HOME > U+(ユープラス) > 奇論・暴論 > 第260回 データセンターの国際戦略
2011/10/31
ASP・SaaSデータセンター促進協議会(村井純会長)は09年に発足、2年間の予定で、データセンターをめぐる諸問題についての検討を行い、国際競争力強化の政策提言やガイドラインを作成するなどの活動を目標に掲げてきた。
しかし、2年たってみると、データセンターについては課題が増大し、期限が来たので解散というわけにはいかなくなって、10月下旬の総会で、今後、継続していくことが決まった。とりわけ、3.11大震災の後の計画停電、電力不足をきっかけに、より広範な視野からのデータセンターの在り方の検討が必要になった。
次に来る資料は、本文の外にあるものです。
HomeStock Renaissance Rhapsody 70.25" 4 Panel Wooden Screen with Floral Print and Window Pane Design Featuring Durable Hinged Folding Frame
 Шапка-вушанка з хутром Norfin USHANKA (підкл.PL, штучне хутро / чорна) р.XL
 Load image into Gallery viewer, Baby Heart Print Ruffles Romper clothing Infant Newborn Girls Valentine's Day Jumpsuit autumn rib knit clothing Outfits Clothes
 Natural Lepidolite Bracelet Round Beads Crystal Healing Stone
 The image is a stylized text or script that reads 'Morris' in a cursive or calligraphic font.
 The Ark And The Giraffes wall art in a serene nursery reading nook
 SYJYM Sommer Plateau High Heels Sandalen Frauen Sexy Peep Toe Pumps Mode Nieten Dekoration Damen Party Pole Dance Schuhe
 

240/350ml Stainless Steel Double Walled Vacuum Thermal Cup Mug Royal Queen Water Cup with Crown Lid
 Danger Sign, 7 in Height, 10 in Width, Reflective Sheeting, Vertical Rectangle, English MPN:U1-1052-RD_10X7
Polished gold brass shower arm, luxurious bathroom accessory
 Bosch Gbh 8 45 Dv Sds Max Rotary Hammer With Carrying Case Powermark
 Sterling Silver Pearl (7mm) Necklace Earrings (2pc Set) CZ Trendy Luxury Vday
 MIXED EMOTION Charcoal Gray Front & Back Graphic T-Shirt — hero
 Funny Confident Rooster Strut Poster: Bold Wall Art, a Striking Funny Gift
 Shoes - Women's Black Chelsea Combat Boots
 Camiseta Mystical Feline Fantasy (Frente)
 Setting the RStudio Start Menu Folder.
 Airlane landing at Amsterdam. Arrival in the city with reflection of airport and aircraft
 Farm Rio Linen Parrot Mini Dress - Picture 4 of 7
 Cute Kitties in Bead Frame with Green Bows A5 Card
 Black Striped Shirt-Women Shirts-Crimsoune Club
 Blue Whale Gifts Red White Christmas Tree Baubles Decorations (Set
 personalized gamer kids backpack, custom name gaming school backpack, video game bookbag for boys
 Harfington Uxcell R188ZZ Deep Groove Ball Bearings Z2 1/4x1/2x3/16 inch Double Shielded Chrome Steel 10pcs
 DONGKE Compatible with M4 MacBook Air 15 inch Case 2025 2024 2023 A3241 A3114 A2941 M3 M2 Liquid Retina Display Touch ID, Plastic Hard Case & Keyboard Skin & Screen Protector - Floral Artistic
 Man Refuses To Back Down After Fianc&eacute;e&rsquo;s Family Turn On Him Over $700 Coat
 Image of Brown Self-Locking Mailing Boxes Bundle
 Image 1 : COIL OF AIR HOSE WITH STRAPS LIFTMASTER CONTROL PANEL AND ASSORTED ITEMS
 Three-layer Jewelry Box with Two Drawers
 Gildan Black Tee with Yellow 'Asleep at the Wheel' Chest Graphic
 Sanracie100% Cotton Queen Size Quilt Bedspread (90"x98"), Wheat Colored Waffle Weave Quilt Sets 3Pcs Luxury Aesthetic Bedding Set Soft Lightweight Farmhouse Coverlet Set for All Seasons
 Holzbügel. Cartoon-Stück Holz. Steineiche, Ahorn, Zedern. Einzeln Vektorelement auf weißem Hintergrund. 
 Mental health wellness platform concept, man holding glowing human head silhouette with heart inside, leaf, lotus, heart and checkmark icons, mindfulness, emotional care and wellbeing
同協議会の発足とともに、筆者は副会長を委嘱されて、2年近く「情報開示ガイドライン」の作成の委員長を務めてきた。これまで想定していなかった津波や長期的な停電対策を講ずるなど、データセンターが開示することが必須の情報が増えて来ているので、これも引き続き重要なテーマである。この委員会は阪田史郎千葉大学大学院教授が委員長として引き継ぐ。
一方、筆者はもう一つの「クラウドコンピューティング・国際戦略委員会」の委員長を引きうけることになった。大震災以後、日本全体の「安全性」が問われているので、日本のデータセンターが国際競争力を持つには、いろいろな施策を打たねばならない。加えて史上最高の強烈な円高である。価格的にも、競争力は著しく低下している。それでもなお、日本のデータセンターが国際的に優位なポイントを作るべきだろう。災害対策には、地方分散と地方の既存データセンターの連携で、安全性が確保できる。同時に連携によってコストダウンも可能かもしれない。
海外のデータセンターとの連携も模索しなければならない。すでに特色あるクラウドサービスが海外には育っている。その補完的な機能を日本のデータセンターが果たすことは可能ではないか。
そうした諸々の状況を検討して、データセンターサービスを「輸出産業」に育成できないか。これが最終目標である。